Consumers like the idea of smartphone transactions but are wary
of putting their banking in the hands of telcos, writes Lesley
Parker.
Imagine just swiping your mobile phone over a "reader" in the
supermarket or at the train station to pay for groceries or
tickets.
To buy theatre tickets, you send a text message and the seating
details come back in an SMS. At the venue, wave your smartphone at
the door to get in. The cost shows up on your next phone bill.
Having registered with a mobile payments company, you pay the
plumber by phone.You enter the amount owed and the tradie's phone
number into your handset and the money transfers immediately.
It's banking on the run - turning your phone into a payment
device. But are Australian telecommunications companies up to being
financial intermediaries? New research has found that while
Australians quite like the idea of "mobile money", they'd be
disinclined to take it up if it meant relying on a telco.

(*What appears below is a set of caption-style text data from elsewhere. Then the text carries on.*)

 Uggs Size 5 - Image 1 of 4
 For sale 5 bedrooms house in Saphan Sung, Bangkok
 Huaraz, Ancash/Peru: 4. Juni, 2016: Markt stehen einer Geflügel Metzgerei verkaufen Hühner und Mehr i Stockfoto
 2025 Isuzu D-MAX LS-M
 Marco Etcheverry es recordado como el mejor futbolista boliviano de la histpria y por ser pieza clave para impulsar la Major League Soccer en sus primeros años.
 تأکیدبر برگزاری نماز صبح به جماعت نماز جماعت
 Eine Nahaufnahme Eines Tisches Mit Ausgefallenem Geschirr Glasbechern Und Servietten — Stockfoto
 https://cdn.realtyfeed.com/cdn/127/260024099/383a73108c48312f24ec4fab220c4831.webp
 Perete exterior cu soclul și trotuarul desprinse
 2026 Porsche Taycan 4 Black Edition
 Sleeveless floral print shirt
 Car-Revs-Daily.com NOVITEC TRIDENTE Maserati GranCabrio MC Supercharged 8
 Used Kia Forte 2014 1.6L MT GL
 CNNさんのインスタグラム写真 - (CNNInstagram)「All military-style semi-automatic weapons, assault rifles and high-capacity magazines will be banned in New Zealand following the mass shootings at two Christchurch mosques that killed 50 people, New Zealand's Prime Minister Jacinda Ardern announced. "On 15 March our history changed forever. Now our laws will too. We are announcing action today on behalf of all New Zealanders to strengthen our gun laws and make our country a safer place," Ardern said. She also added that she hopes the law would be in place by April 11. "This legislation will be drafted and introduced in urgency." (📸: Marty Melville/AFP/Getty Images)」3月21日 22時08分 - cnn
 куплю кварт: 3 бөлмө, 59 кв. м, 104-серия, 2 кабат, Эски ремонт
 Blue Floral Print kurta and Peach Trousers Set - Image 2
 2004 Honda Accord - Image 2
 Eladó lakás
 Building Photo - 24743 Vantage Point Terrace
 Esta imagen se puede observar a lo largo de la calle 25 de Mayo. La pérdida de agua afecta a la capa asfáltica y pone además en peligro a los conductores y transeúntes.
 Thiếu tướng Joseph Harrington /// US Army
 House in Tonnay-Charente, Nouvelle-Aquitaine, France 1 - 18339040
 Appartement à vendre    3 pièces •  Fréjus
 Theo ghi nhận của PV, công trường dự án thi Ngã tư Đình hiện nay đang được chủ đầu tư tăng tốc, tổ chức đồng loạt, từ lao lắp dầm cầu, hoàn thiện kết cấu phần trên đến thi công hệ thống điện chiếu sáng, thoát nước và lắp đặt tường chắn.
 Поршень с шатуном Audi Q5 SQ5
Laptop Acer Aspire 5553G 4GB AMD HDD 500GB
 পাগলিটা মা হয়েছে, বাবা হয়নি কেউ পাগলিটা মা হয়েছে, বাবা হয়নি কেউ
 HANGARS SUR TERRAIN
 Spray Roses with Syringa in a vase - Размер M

Paying this way is close enough for Australia's
telecommunications regulator, the Australian Communications and
Media Authority (ACMA) to study the potential ramifications of
"wave and pay", person-to-person transfers and payments via SMS.
Such services are available in Japan; one estimate puts mobile
payments at $70 billion globally last year.
Market researcher Gartner recently nominated money transfers via
mobiles as likely to be the most important phone application by
2012, ahead of web searches, browsing, music and instant messaging.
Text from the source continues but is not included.